The incident is similar to that shared online in April by Cat Hallam, a black woman who lives in Staffordshire.
She became frustrated after the system told her it looked like her eyes were closed and that it could not find the outline of her head.
“The first time I tried uploading it and it didn’t accept it,” she said at the time. “So perhaps the background wasn’t right. I opened my eyes wider, I closed my mouth more, I pushed my hair back and did various things, changed clothes as well – I tried an alternative camera.”
The education technologist added that she was irritated about having to pay extra for a photo booth image when free smartphone photos worked for other people.
She added:”How many other individuals are probably either spending money unnecessarily or having to go through the process on numerous occasions of a system that really should be able to factor in a broad range of ethnicities?”
Ms Hallam pressed on with one of the images and renewed her passport without further issues.
She said the problem was one of algorithmic bias.
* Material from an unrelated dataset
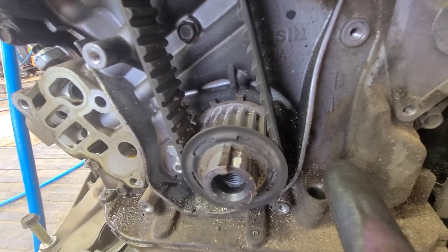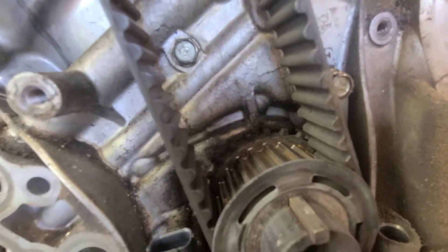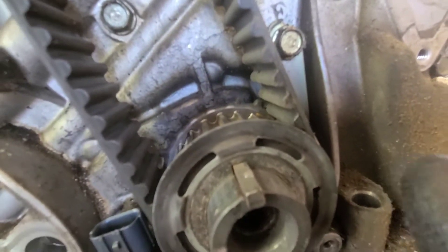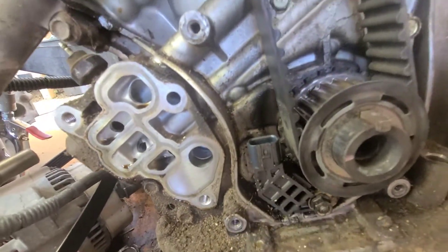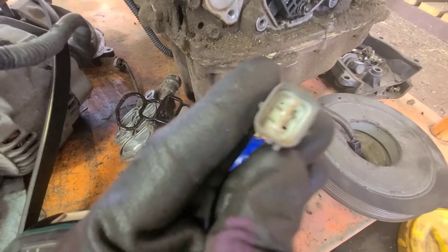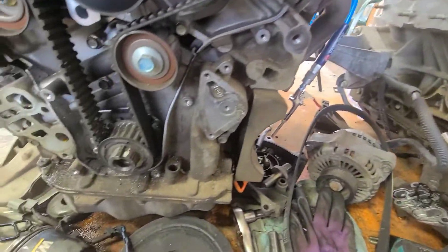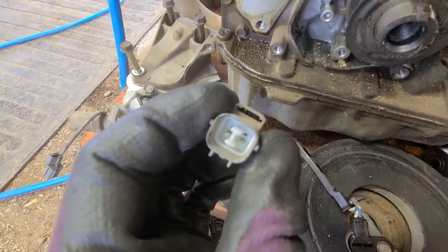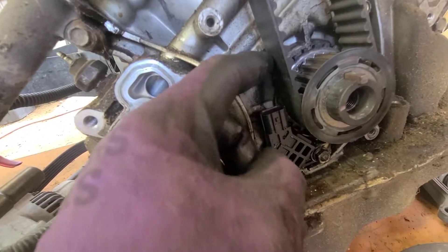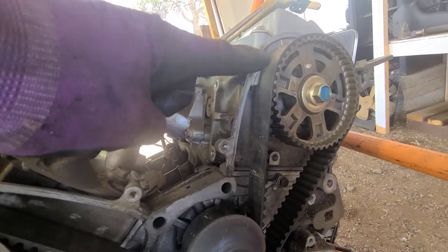On the automatic, look at how big that gap is right there. On the manual there's a bunch more teeth back here. And then obviously the sensor is different, and this little plug itself is different — this one is more of a rectangle that has three pins, and this one right here is like a square and it only has two pins.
Ms Hallam said she did not believe it amounted to racism.
When she tweeted about the issue the Passport Office replied, saying it was sorry the service had not “worked as it should”.
After the latest incident, a Home Office spokesperson said: “We are determined to make the experience of uploading a digital photograph as simple as possible, and will continue working to improve this process for all of our customers. In the vast majority of cases where a photo does not pass our automated check, customers may override the outcome and submit the photo as part of their application.
“The photo checker is a customer aide that is designed to check a photograph meets the internationally agreed standards for passports.”
Noel Sharkey, a professor of artificial intelligence and robotics at the University of Sheffield said it was known that automated systems had "problems with gender as well,”
He added: “It has a real problem with women too generally, and if you’re a black woman you’re screwed, it’s really bad, it’s not fit for purpose and I think it’s time that people started recognising that. People have been struggling for a solution for this in all sorts of algorithmic bias, not just face recognition, but algorithmic bias in decisions for mortgages, loans, and everything else and it’s still happening.”